- _PROBLEM DETAILS_
Each line of the material below is to be written out exactly. Leave out any picture.

- _COLLECTED DATA_
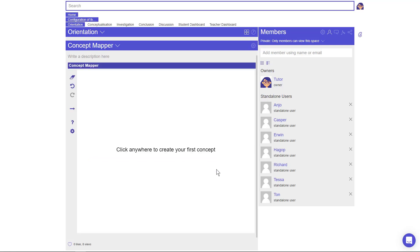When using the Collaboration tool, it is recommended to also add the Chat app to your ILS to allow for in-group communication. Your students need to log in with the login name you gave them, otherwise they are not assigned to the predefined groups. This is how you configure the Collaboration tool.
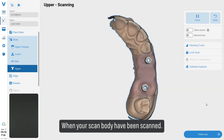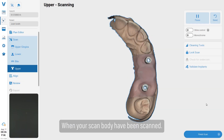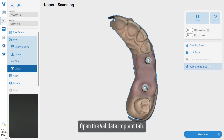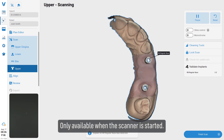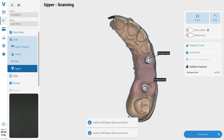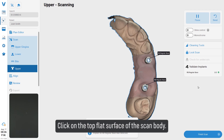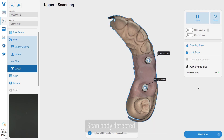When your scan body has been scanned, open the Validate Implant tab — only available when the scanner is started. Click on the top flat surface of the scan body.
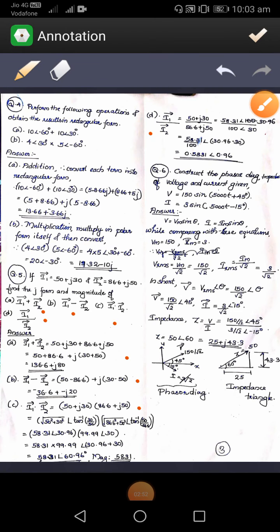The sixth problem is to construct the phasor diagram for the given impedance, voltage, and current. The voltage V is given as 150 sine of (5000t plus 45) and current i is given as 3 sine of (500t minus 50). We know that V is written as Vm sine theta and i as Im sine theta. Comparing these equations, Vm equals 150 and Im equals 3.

- _ANSWER BELOW_
When using the Collaboration tool, it is recommended to also add the Chat app to your ILS to allow for in-group communication. Your students need to log in with the login name you gave them, otherwise they are not assigned to the predefined groups. This is how you configure the Collaboration tool.
When your scan body has been scanned, open the Validate Implant tab — only available when the scanner is started. Click on the top flat surface of the scan body.
The sixth problem is to construct the phasor diagram for the given impedance, voltage, and current. The voltage V is given as 150 sine of (5000t plus 45) and current i is given as 3 sine of (500t minus 50). We know that V is written as Vm sine theta and i as Im sine theta. Comparing these equations, Vm equals 150 and Im equals 3.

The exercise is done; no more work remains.